Now, it is used for conducting examinations in the country and how.
"iON has about Rs 1,000 crore ($158 million) in revenue now. It could become a separate unit because it has an entirely different way of working," a TCS executive with knowledge of the platform told Economic Times.
However, the company had targeted to reach $1 billion when it launched iON in 2011.
"Education was a bright spot.
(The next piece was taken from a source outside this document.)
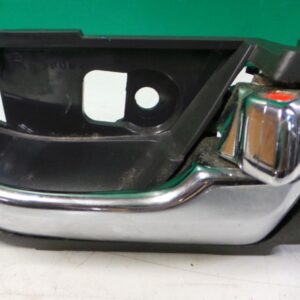 2012 HOLDEN COLORADO DOOR HANDLE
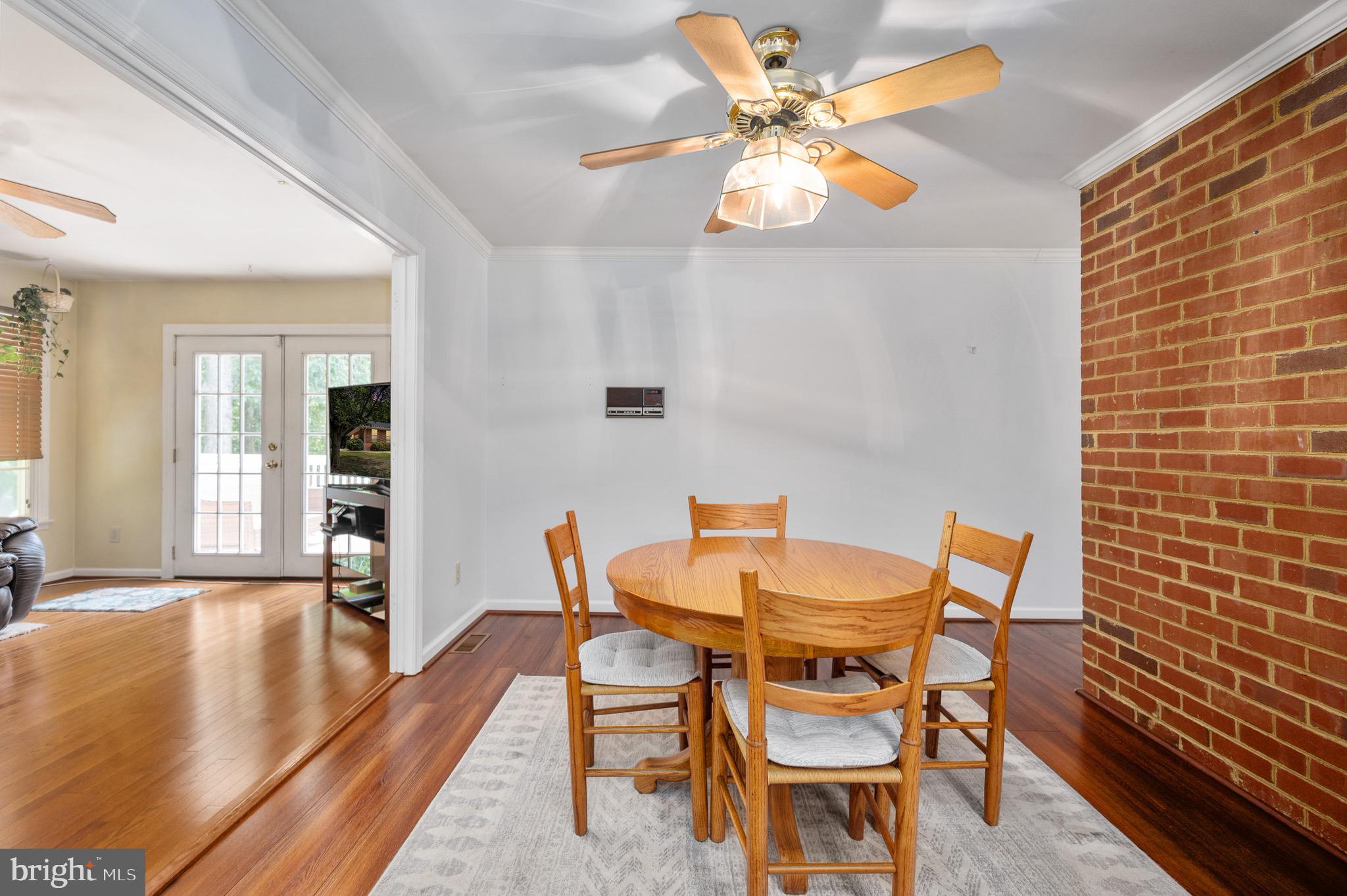 RIDGE POINTE - Residential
Mid-2012, the exam functionality was improved and then that took off," another TCS executive who worked on iON told the financial daily.
Last year, it won a five-year contract to conduct the Common Aptitude Test (CAT), the gateway to the Indian Institutes of Management and over 150 other business schools in the country, beating six other bidders.
The company also facilitates other exams using iON platform like Graduate Aptitude Test in Engineering, the IIT-Joint Entrance Exams, and recruitment exams for Life Insurance Corporation of India.
TCS chief executive N Chandrasekaran, while addressing a gathering at Morgan Stanley Annual India Summit in June, said that their assessment engine was today the platform of choice for all the leading competitive exams in the country, and was used to assess 30 million candidates last year.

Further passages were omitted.